The technique can target as few as 50,000 cancer cells, they said. Traditional X-ray or ultrasound imaging techniques need 100 million cells to detect cancer or organ rejection.
“You set it about the person and measure the magnetic fields coming out of the person,” Flynn said. “If you want to check for breast cancer, you locate it over the breast. In the case of Alzheimer’s, you place over the head.”
It involves no radiation, and the magnetism used is a billion times less than the Earth’s magnetic field, he said.
A diagnosis arrives much more quickly. Except for their bone marrow biopsy technique, results are available in about 10 minutes, they said.
Harvard radiology Professor Bruce Rosen said that while he was not familiar with the specifics of the UNM-Senior Scientific research, it was credible and took “a very interesting angle.”
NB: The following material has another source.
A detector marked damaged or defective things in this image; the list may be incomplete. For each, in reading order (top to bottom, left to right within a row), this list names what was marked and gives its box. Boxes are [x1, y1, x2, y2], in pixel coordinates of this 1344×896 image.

While SQUID detectors are “exquisitively sensitive,” the picture clarity is coarser than than that from widely used MRIs, Rosen said. On the other hand, he said, MRIs are not very sensitive to such particles, although researchers are trying to improve that.
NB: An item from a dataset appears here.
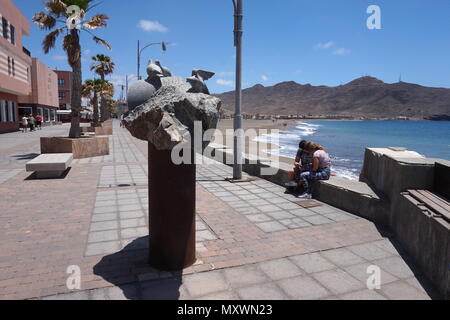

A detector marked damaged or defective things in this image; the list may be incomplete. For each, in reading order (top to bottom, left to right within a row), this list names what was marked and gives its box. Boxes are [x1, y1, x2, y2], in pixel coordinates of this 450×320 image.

rusty metal pedestal [149, 142, 196, 270]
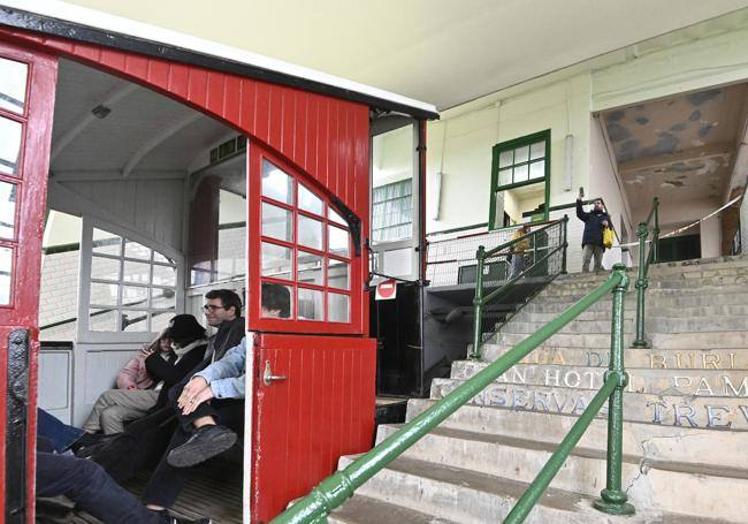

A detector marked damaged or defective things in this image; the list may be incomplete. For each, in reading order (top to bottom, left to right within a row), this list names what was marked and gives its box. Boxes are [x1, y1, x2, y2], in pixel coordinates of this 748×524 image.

damaged ceiling panel [604, 82, 744, 207]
“At the end of the day, it’s a little bit of a horse race as to who’s going to solve their problems first. … They (Larson and Flynn) are absolutely right that it has more sensitivity than MRIs” and if they solve picture resolution problems, their technique will have the advantage, said Rosen, who works on how imaging tools can be applied to biological and clinical problems.
The New Mexico research is in various stages. Flynn and Larson began working on a “smart’ bone biopsy needle several years ago and on breast cancer about two years ago; they got funding for Alzheimer’s research in January.
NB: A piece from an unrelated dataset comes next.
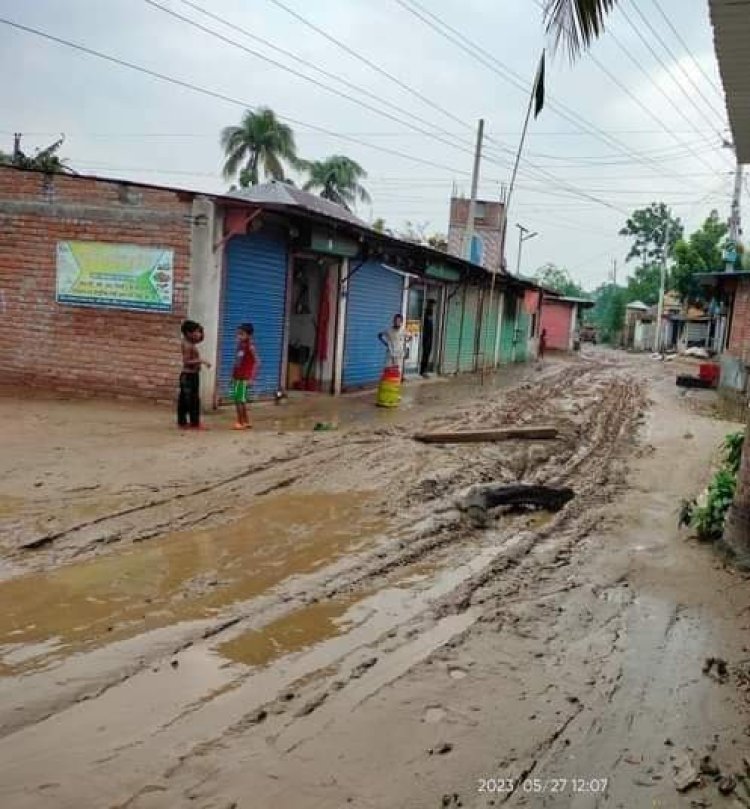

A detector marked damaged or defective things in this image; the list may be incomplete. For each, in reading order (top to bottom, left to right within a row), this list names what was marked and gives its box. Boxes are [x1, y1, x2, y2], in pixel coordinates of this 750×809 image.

damaged road surface [1, 356, 750, 808]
The bone marrow biopsy is in clinical trials using animals or extracted human cells. That has to be completed before trials on patients.
Current bone marrow sampling for leukemia involve a needle inserted in the pelvic area, a painful procedure.
“The problem is, it’s random and might miss the tumor or the leukemia if it’s somewhere else,” Larson said.
They would inject nanoparticles and antibodies to target only leukemia cells, then insert their patented needle with a magnet into the marrow. It attracts and collects leukemia cells because of the magnetic characteristics of the attached iron-oxide particles.
“With the smart bone marrow biopsy needle, you attract the leukemia cells to the needle. It’s much more able to detect cancer if it’s there,” Larson said.
The idea is to find residual leukemia in smaller clusters than currently possible.
“We can give the patient additional treatment so they will be cured rather than relapse in the future,” Larson said.
The researchers also hope someday to use nanoparticles’ magnetic properties to concentrate anti-cancer drugs. They envision external magnets whose fields would be focused where the cancer is located. That would reduce the side effects from chemotherapy, which normally infuses the whole body.
In addition, they’re developing the SQUID so it won’t require heavy magnetically shielded rooms, cutting costs to hospitals. Flynn estimates the instrument would cost $150,000 to $250,000 depending on the number of sensors. By contrast, MRI machines run $1.5 million, he said.